/discogs2pg

Discogs to PostgreSQL importer

Primary LanguageHaskellBSD 3-Clause "New" or "Revised" LicenseBSD-3-Clause

Discogs to PostgreSQL

Build Status

Import Discogs' data dumps into Postgres efficiently.

Uses Hexpat for parsing XML and Postgres' COPY to store the result.

Inspired by discogs-xml2db.

Why?

I wanted Discogs' data in a Postgres database and I had some issues with the existing solution:

  1. it was slow, I let it run for 5 hours and it didn't finish
  2. SAX events parsing for nested data is too difficult to maintain IMHO
  3. using INSERT is not efficient, and I didn't want UNLOGGED tables
  4. I wanted some data it didn't import and didn't want some it did
  5. performance, I wanted it to be fast on commodity hardware

Installation

The projects uses stack so it should be as easy as:

stack install

and adding stack's binary path to your PATH (if you haven't already).

Usage

Supposing we downloaded the 20150810 dump:

  • discogs_20150810_artists.xml.gz
  • discogs_20150810_labels.xml.gz
  • discogs_20150810_masters.xml.gz
  • discogs_20150810_releases.xml.gz

and we didn't decompress them, then we can run on the repo's directory:

$ createdb discogs
$ psql discogs < sql/tables.sql
$ discogs2pg -g -d 20150810 -c dbname=discogs
$ # wait an hour or two ...
$ psql discogs < sql/indexes.sql

Options

discogs2pg can has two forms of operation, by file and by date.

You can import a single file with discogs2pg -c <blah> some_releases.xml or import releases, artists, labels and master for a date DATE in the current directory with discogs2pg -c <blah> -d DATE.

Also the -g | --gzip option lets you import the compressed files directly.

If you want it to be even faster, and your computer can handle it, you can pass an optional --aggressive to make it open all file in parallel.
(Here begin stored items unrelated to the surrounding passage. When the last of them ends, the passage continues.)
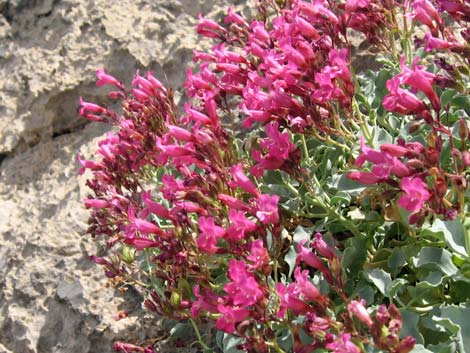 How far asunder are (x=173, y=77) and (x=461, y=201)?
323cm

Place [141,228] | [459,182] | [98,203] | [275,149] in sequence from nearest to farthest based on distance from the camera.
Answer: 1. [459,182]
2. [275,149]
3. [141,228]
4. [98,203]

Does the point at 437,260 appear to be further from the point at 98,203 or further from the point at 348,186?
the point at 98,203

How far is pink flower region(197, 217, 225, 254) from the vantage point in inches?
116

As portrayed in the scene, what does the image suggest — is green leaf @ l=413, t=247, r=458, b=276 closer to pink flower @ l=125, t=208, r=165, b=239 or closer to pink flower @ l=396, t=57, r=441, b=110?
pink flower @ l=396, t=57, r=441, b=110

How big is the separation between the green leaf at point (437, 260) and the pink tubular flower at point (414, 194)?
334 millimetres

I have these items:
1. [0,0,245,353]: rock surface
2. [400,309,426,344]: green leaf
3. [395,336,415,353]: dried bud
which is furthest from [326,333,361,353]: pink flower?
[0,0,245,353]: rock surface

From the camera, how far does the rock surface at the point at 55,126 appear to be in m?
4.43

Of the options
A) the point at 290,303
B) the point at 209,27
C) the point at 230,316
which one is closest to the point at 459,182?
the point at 290,303

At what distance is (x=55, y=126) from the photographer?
5.66 m

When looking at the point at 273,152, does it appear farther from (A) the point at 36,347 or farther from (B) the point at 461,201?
(A) the point at 36,347

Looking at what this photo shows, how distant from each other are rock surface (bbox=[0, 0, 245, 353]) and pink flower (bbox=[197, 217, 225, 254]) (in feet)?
4.72

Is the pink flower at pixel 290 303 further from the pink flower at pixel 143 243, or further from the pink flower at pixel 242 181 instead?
the pink flower at pixel 143 243

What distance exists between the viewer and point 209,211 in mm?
3238

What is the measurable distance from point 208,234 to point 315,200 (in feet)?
1.86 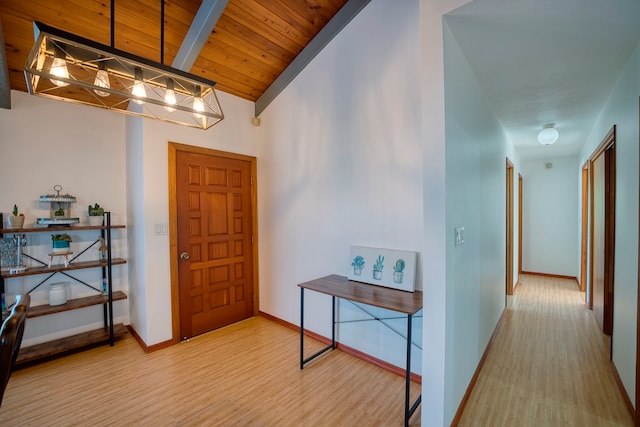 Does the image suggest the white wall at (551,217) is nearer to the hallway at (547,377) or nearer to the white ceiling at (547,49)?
the hallway at (547,377)

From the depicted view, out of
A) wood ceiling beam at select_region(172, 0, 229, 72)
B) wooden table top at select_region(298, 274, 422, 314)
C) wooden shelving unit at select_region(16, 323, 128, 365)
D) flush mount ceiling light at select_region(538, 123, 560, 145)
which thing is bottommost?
wooden shelving unit at select_region(16, 323, 128, 365)

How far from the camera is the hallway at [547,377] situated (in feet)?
6.11

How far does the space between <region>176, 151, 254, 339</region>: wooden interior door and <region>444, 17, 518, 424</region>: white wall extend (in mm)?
2534

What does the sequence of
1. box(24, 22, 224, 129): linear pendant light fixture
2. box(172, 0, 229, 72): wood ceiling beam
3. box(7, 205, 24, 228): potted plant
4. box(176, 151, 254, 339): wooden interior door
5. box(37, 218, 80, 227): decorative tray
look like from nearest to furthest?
box(24, 22, 224, 129): linear pendant light fixture → box(172, 0, 229, 72): wood ceiling beam → box(7, 205, 24, 228): potted plant → box(37, 218, 80, 227): decorative tray → box(176, 151, 254, 339): wooden interior door

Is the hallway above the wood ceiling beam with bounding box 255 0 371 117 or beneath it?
beneath

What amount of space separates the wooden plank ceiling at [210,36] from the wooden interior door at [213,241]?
38.3 inches

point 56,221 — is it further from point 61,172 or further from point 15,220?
point 61,172

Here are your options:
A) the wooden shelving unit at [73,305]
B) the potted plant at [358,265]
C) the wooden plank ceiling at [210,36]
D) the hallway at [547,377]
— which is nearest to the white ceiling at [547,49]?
the wooden plank ceiling at [210,36]

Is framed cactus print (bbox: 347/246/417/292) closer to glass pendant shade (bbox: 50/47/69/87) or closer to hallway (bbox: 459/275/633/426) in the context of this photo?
hallway (bbox: 459/275/633/426)

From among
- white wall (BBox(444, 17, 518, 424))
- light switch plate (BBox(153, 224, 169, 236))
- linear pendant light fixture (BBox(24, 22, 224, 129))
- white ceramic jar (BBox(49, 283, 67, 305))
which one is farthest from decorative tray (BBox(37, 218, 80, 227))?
white wall (BBox(444, 17, 518, 424))

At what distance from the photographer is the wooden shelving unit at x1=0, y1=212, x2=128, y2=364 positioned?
8.16ft

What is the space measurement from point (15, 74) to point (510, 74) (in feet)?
13.7

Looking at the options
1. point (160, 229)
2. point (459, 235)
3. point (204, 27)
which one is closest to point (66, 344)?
point (160, 229)

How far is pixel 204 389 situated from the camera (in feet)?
7.23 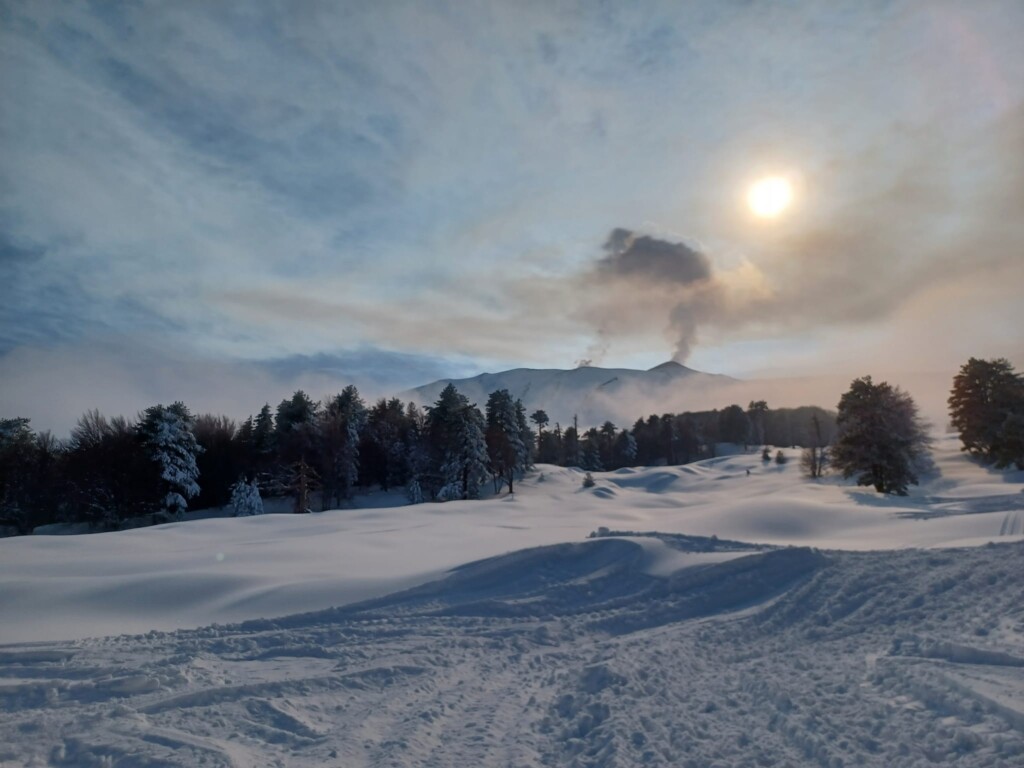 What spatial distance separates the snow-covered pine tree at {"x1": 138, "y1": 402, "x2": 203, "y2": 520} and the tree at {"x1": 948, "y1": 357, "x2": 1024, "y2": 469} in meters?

Consider that since we are using COPY it will open a connection per table: that's 15 connections at once.

Contributing

I don't have a Windows machine to build and test the binary, so I'd love it if someone could get into that.

Also, I can think of two things:

  • someone with experience in DBs could improve the data structure and indexes/primary keys
  • someone with experience in structuring Haskell projects could help with the types/typeclasses and modules
  • the code uses lazy lists (for real), I'd like to refactor it with conduit or something

I'd be glad to hear suggestions and take pull requests, of course.